Struct encoding_rs::Encoder [−] [src]

pub struct Encoder {
    // some fields omitted
}

A converter that encodes a Unicode stream into bytes according to a character encoding in a streaming (incremental) manner.

The various encode_* methods take an input buffer (src) and an output buffer dst both of which are caller-allocated. There are variants for both UTF-8 and UTF-16 input buffers.

A encode_* methods encode characters from src into bytes characters stored into dst until one of the following three things happens:

An unmappable character is encountered.
The output buffer has been filled so near capacity that the decoder cannot be sure that processing an additional character of input wouldn't cause so much output that the output buffer would overflow.
All the input characters have been processed.

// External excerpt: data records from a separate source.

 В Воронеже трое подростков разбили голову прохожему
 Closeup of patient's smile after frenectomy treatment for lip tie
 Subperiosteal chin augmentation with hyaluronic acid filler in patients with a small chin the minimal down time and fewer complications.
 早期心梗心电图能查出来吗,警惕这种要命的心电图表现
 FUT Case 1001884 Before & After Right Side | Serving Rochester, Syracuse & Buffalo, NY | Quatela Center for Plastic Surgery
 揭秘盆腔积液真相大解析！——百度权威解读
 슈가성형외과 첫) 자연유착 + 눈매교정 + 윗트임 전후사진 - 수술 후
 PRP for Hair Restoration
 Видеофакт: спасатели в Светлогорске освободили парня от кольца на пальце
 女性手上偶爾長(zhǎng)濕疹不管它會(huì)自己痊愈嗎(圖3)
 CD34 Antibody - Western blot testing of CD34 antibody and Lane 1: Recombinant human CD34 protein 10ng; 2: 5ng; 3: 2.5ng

The encode_* method then returns tuple of a status indicating which one of the three reasons to return happened, how many input code units (u8 when encoding from UTF-8 and u16 when encoding from UTF-16) were read, how many output bytes were written (except when encoding into Vec<u8>, whose length change indicates this), and in the case of the variants that perform replacement, a boolean indicating whether an unmappable character was replaced with a numeric character reference during the call.

In the case of the methods whose name ends with *_without_replacement, the status is an EncoderResult enumeration (possibilities Unmappable, OutputFull and InputEmpty corresponding to the three cases listed above).

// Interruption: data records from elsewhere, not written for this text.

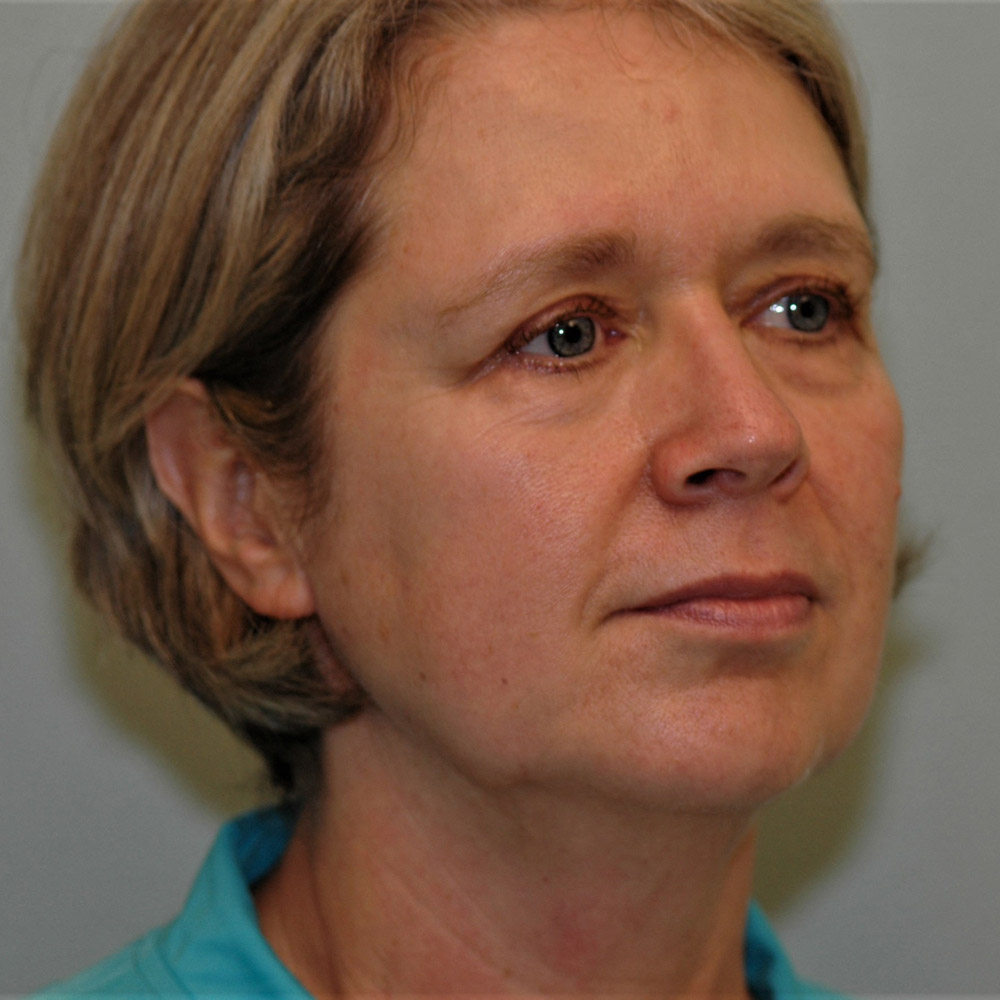 Case--3887 | Before Facelift and Neck Lift 5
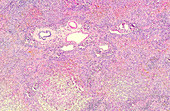 Fatal fulminant hepatitis, light micrograph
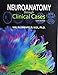 Neuroanatomy through Clinical Cases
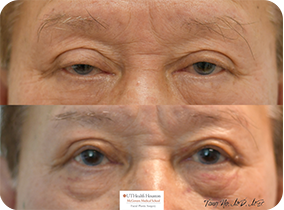 77 year old male 10 days after upper blepharoplasty and ptosis repair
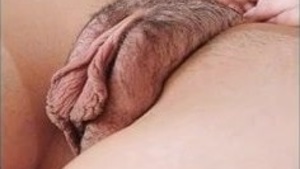 Pussy stoma and breast collecting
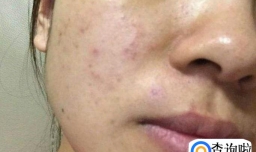 反复长痘是怎么回事？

In the case of methods whose name does not end with *_without_replacement, unmappable characters are automatically replaced with the corresponding numeric character references and unmappable characters do not cause the methods to return early.

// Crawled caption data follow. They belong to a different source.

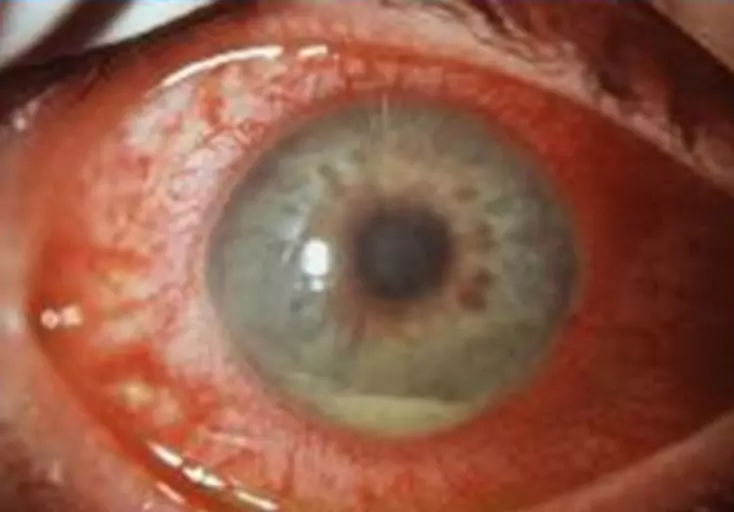 Uvéite antérieure - oeil rouge avec hypopion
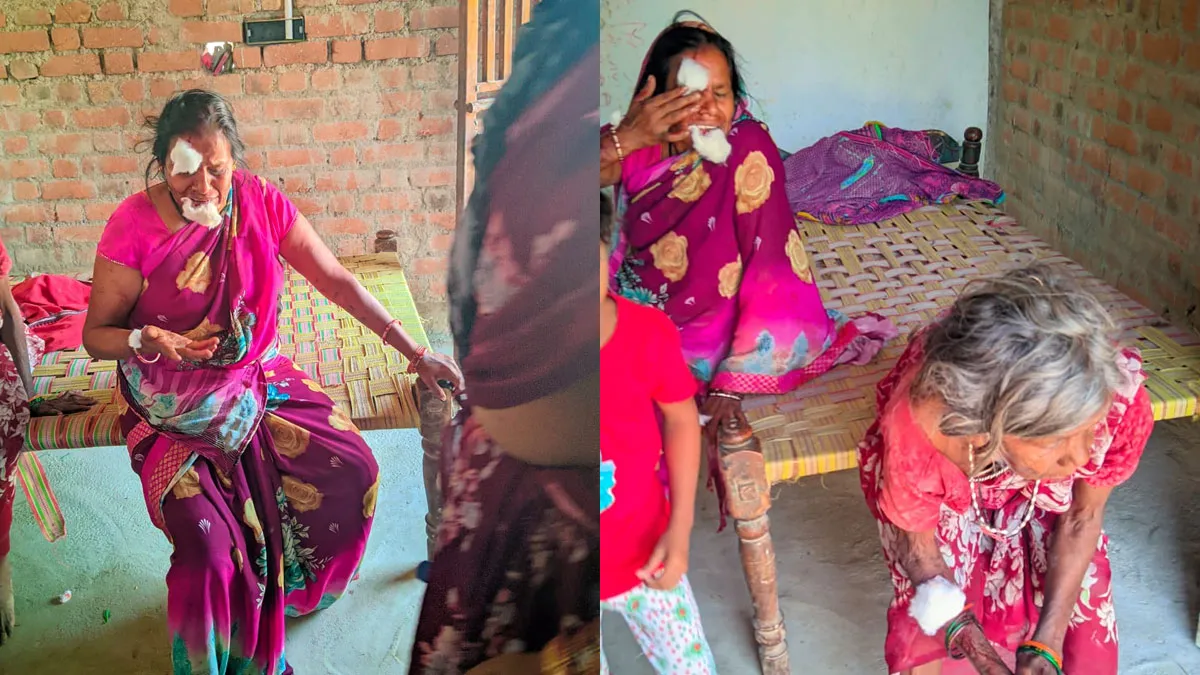जंगली जनवर के हमले से घायल महिलाएं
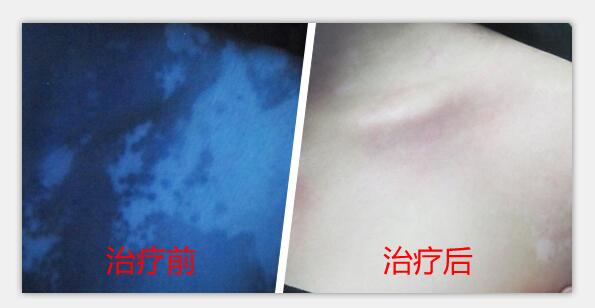 烦恼的白癜风终于在远大帮助下消失了
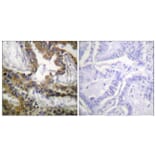 Immunohistochemistry - Anti-VEGFR2 Antibody (B1014) - Antibodies.com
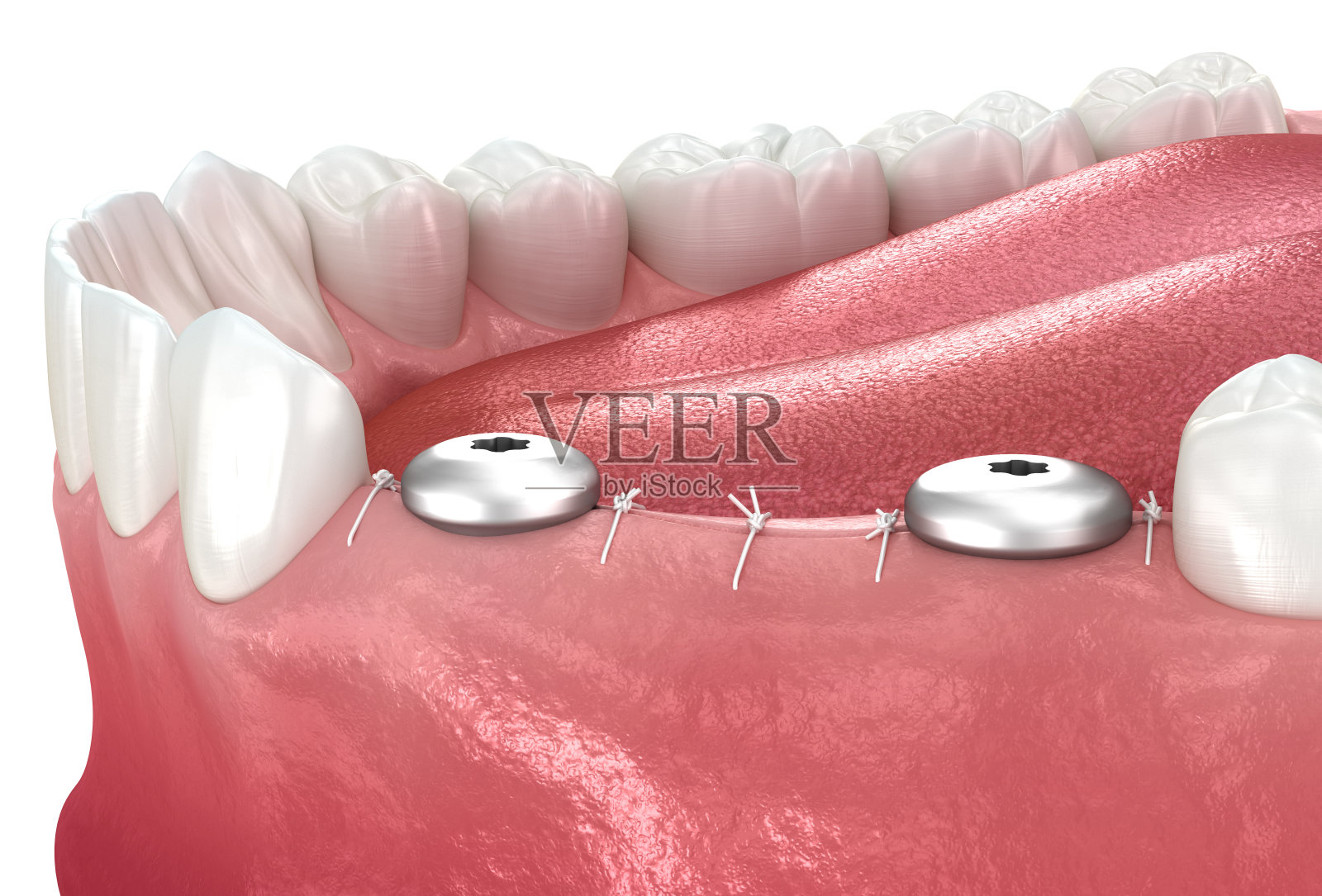 牙龈前过植牙。医学精准的3D插画。插画图片素材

XXX: When decoding to UTF-8 without replacement, the methods are guaranteed not to return indicating that more output space is needed if the length of the ouput buffer is at least the length returned by max_utf8_buffer_length_without_replacement(). When decoding to UTF-8 with replacement, the the length of the output buffer that guarantees the methods not to return indicating that more output space is needed is given by max_utf8_buffer_length(). When decoding to UTF-16 with or without replacement, the length of the output buffer that guarantees the methods not to return indicating that more output space is needed is given by max_utf16_buffer_length().

When encoding from UTF-8, each src buffer must be valid UTF-8. (When calling from Rust, the type system takes care of this.) When encoding from UTF-16, unpaired surrogates in the input are treated as U+FFFD REPLACEMENT CHARACTERS. Therefore, in order for astral characters not to turn into a pair of REPLACEMENT CHARACTERS, the caller must ensure that surrogate pairs are not split across input buffer boundaries.

XXX: Except in the case of ISO-2022-JP, the output of each encode_* call is guaranteed to consist of a valid byte sequence of complete characters. (I.e. the code unit sequence for the last character is guaranteed not to be split across output buffers.)

The boolean argument last indicates that the end of the stream is reached when all the characters in src have been consumed. This argument is needed for ISO-2022-JP and is ignored for other encodings.

An Encoder object can be used to incrementally encode a byte stream.

During the processing of a single stream, the caller must call encode_* zero or more times with last set to false and then call encode_* at least once with last set to true. If encode_* returns InputEmpty, the processing of the stream has ended. Otherwise, the caller must call encode_* again with last set to true (or treat an Unmappable result as a fatal error).

Once the stream has ended, the Encoder object must not be used anymore. That is, you need to create another one to process another stream.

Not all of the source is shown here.